Consequently, he used these notions, derived from the evidence of his
experiences, to assert that nature has furnished all blooded animals with cold and
moist brains, with the unique purpose to temper the innate heat 12, p. 315-316.
In fact, in the PA Aristotle describes the principle of balance between
opposites, the principle also called the principle of compensation (652a30-33). He
applies this principle to the brain and to the heart, explaining that the brain
belongs to animals for the preservation of their entire nature (652b6-7). This
preservation consists in tempering by the brain the heat and the boiling that take
place in the heart (652b6-26). This passage contains the essence of the
Aristotelian theory of the brain‟s function, namely the role of cooling the region
of the heart. In other words, the brain and the heart are mutually connected in a
close manner. The heart could not perform its functions without the cooperation
with the brain 16, p. 605; 6, p. 101-105. It should also be pointed out the
reasoning that the philosopher uses to exclude the possibility that the brain could
have had any other function than cooling the heart (PA 652b23-6). His
demonstration could be reconstructed as follows:
Premise1) All animals by nature have at least one organ of perception.

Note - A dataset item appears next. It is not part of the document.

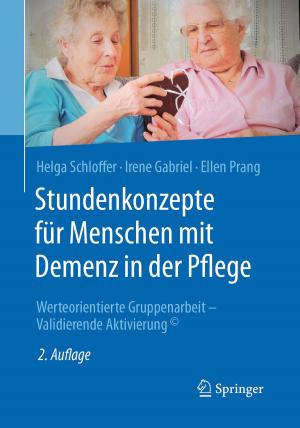 Cover of Stundenkonzepte für Menschen mit Demenz in der Pflege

Premise2) If the brain subserved cognition, all animals would have one.
Conclusion) Because the bloodless animals do not, its presence must be explained
otherwise.
It should be noted that even if the philosopher attributed to blooded animals
a part analogous to the heart, he did not perform an analogical explanation in
respect of the encephalon. The unique exception to this, mentioned by Aristotle,
was the octopus, considered to have a part analogous to the brain. Also in the HA
(494b28, 524b4) the cephalopods are deemed to have an analogous part to the
brain 12, p. 209-210.
What is the more specific sense of the Aristotle‟s theory of cooling the
body? The heart, in the Aristotelian conception, should be well protected and
safeguarded from the excess of the heat via the mechanism of thermoregulation.

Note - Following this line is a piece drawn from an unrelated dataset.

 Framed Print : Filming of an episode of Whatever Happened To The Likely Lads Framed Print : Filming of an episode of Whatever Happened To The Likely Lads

In other words, the main preoccupation of all ancient medicine and natural
philosophy, did not concern the problem of production of the heat (energy
metabolism or heat preservation), but rather the issue of efficient heat dissipation
in the body. Thus, it was necessary to find the mechanism of the cooling of the
Oleksowicz/European Journal of Science and Theology 14 (2018), 3, 77-94
88
heart. Generally the explanation of Philistion of Locri, Diocles, Hippo, Philolaus
dominated, namely, that this function was assigned to the breathing process
performed by the lungs and even the skin pores. Also Plato assigned to the air,
and in part also to the fluids entering through the trachea, the function of
moderating both the heat from the heart and the heat coming from passions
(Timaeus, 70a-d) 6, p. 112-114. However, Aristotle offers a somewhat different
description of the cooling process. According to him, that process is similar to the
formation of rain. The hot steam ascends in the upper parts of the atmosphere and
is condensed because of the cooling and then it comes down as rain, bringing
refreshment to the earth (PA 653a5-10). He proposed the same mechanism to
explain sleep (De somno et vigilia, 456b17-24, 457b30-458a6). However, the
philosopher did not provide any additional explanations on the matter of this
process. The Aristotelian theory of the brain function was strongly criticized by
Galen, who claimed as Plato (Timaeus, 70d), that the process of breathing is
enough to cool the heart 6, p. 118-119; 12, p. 210.
It should be mentioned that the Aristotelian explanation of the cooling
system mentions not only the brain (II. 7), but also the role of lungs and gills (III.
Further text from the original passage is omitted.